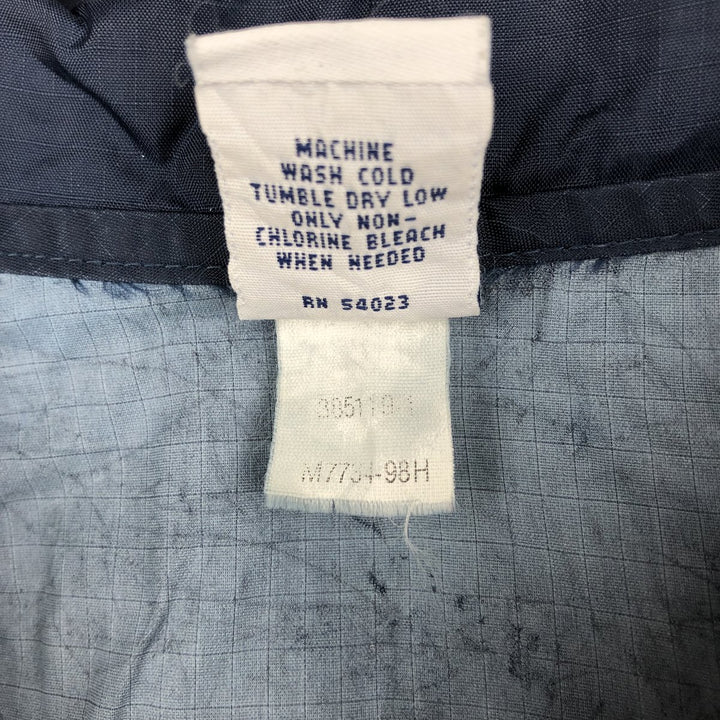 2000'S GAP Ripstop Anorak Parka, Made in Russia, Men's Size M Nylon navy blue type Vintage Second Hand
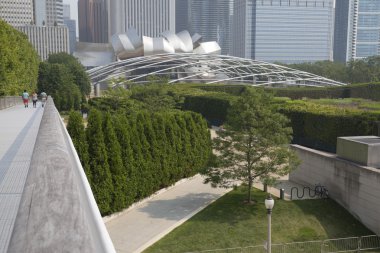 Chicago, Il Nichols Bridgeway. Millennium Parkı.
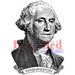 Deep Red Stamps - Cling Mounted Rubber Stamp - President Washington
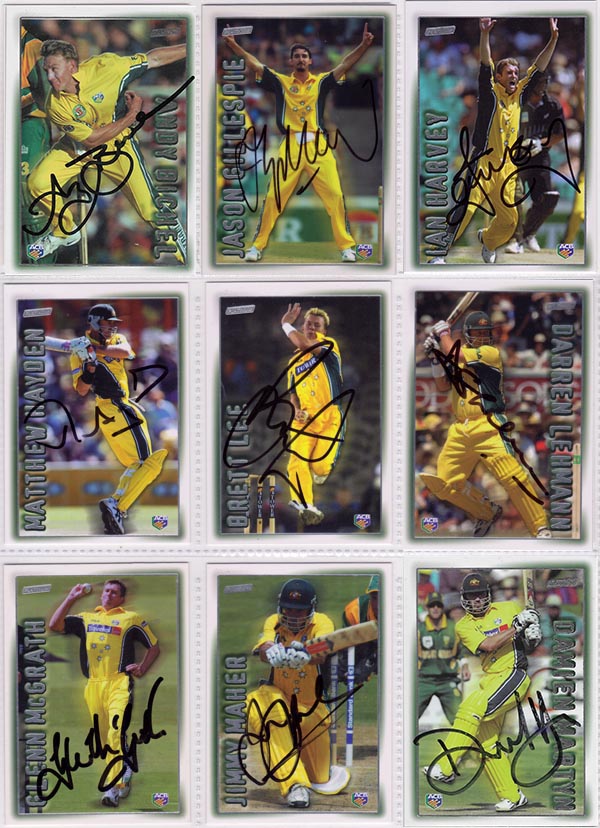 ACB 2002 Platinum (140) incl Signatures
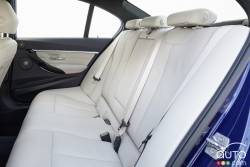 2016 BMW 340i rear seats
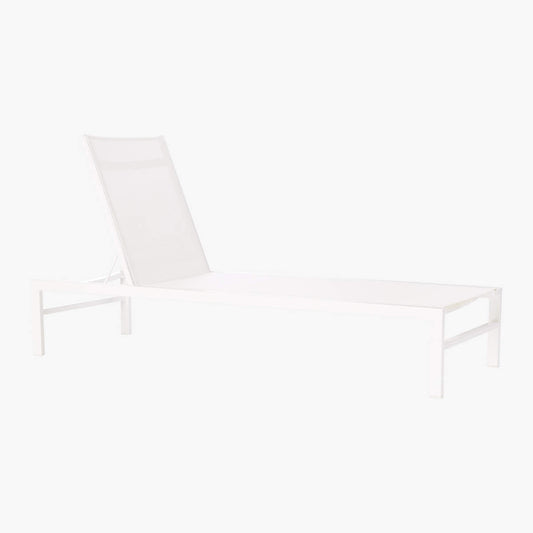 Idle White Outdoor Sun Lounger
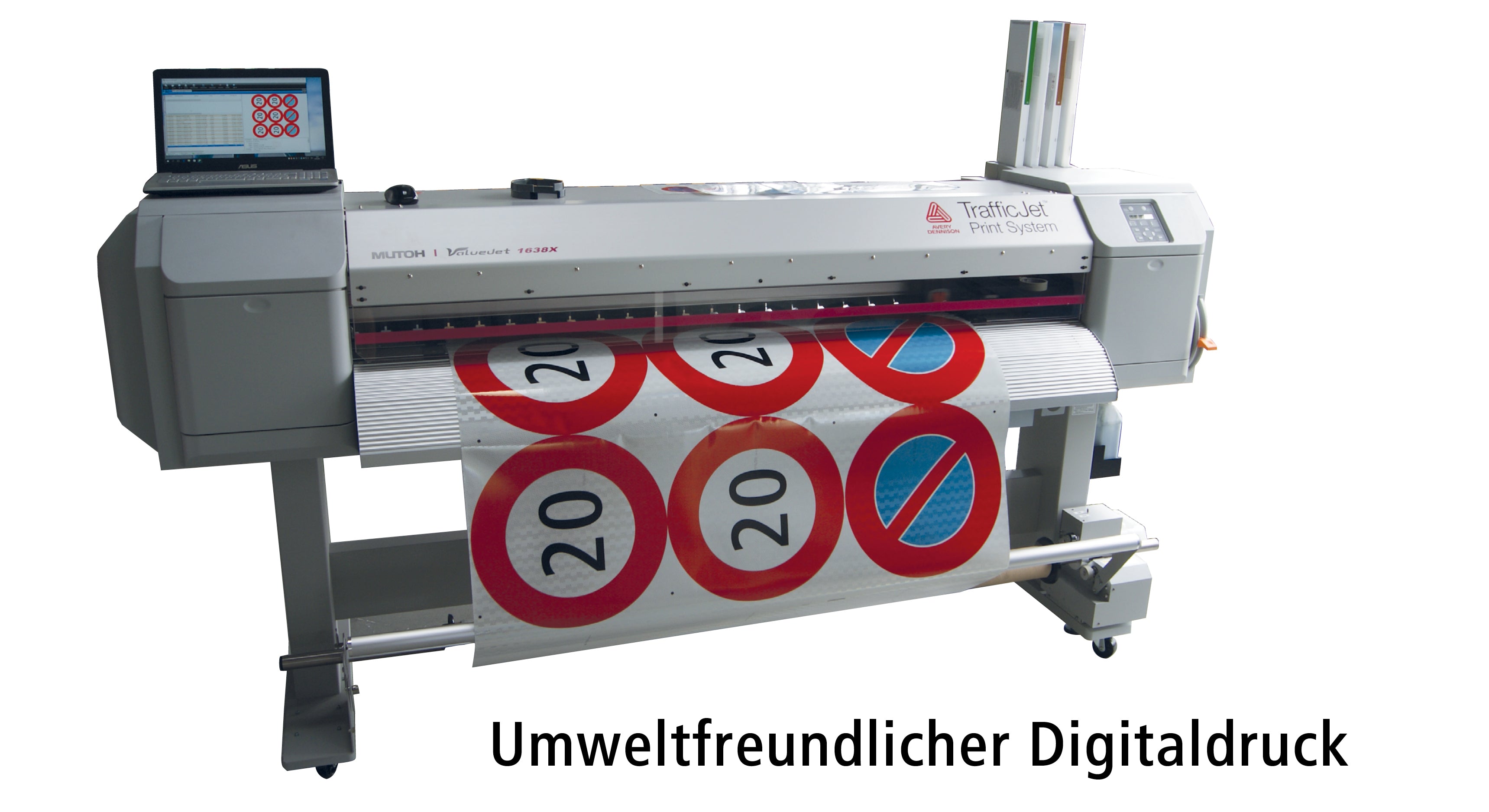 Digitaldruck Strassensignalisation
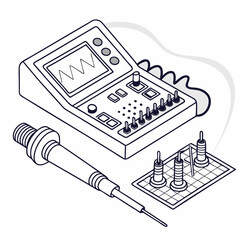 Electronic equipment oscilloscope probe test equipment technology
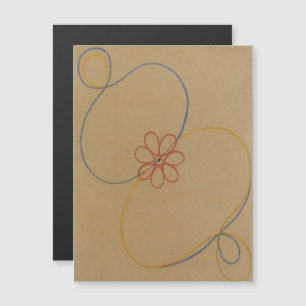 Convite Magnético Hilma Af Klint, Estrela de Sete Pontos No5, Abstra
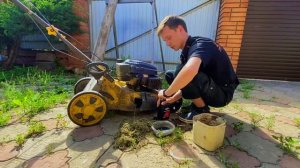 Техническое обслуживание газонокосилки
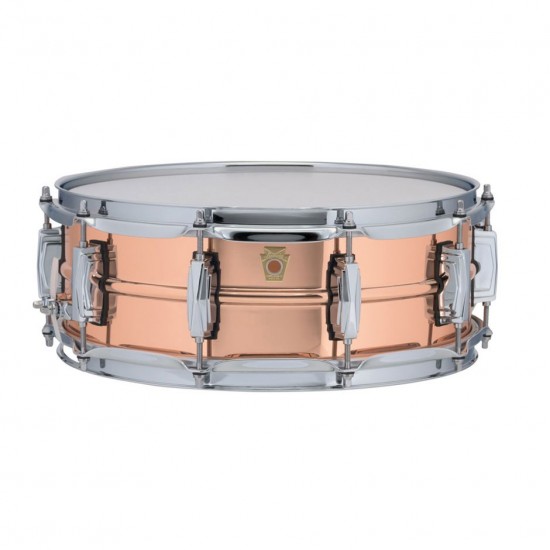 Caisse Claire Copper Phonic 14" x 5 coquilles impériales, accastillage chrome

+--

Both the line above containing "Idle White Outdoor Sun Lounger" and the line containing "Техническое обслуживание газонокосилки" belong in the copy, along with every line between them; print these exactly and omit the pictures.

 Idle White Outdoor Sun Lounger
 Digitaldruck Strassensignalisation
 Electronic equipment oscilloscope probe test equipment technology
 Convite Magnético Hilma Af Klint, Estrela de Sete Pontos No5, Abstra
 Техническое обслуживание газонокосилки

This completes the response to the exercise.